-------- DATA BELOW --------

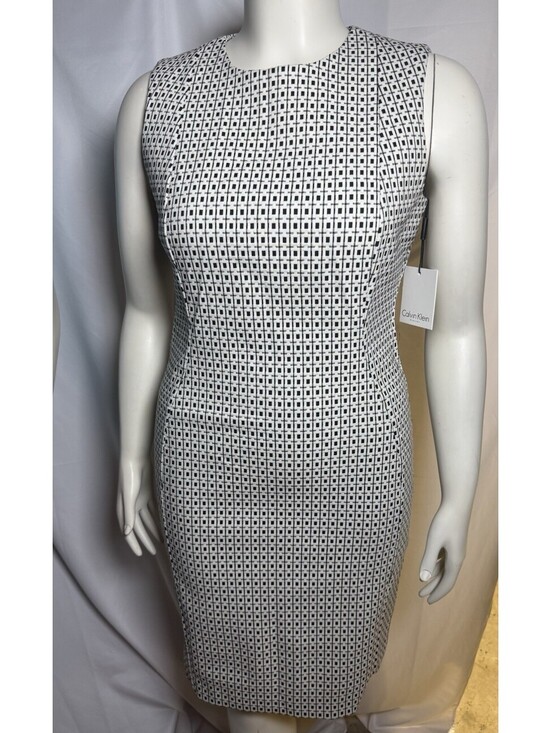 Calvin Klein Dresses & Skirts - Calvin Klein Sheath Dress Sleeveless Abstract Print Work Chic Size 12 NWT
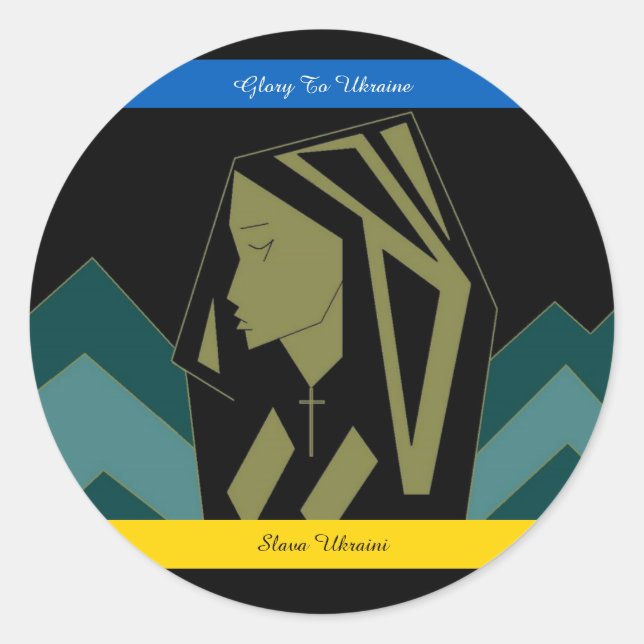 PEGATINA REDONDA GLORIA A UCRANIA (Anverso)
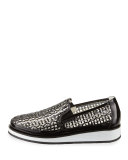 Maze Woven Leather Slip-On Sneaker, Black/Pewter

--------

▶ _WORK TO BE COMPLETED_:
Output all of the data exactly. Skip the pictures.

▶ _WRITTEN ANSWER_:
 Calvin Klein Dresses & Skirts - Calvin Klein Sheath Dress Sleeveless Abstract Print Work Chic Size 12 NWT
 PEGATINA REDONDA GLORIA A UCRANIA (Anverso)
 Maze Woven Leather Slip-On Sneaker, Black/Pewter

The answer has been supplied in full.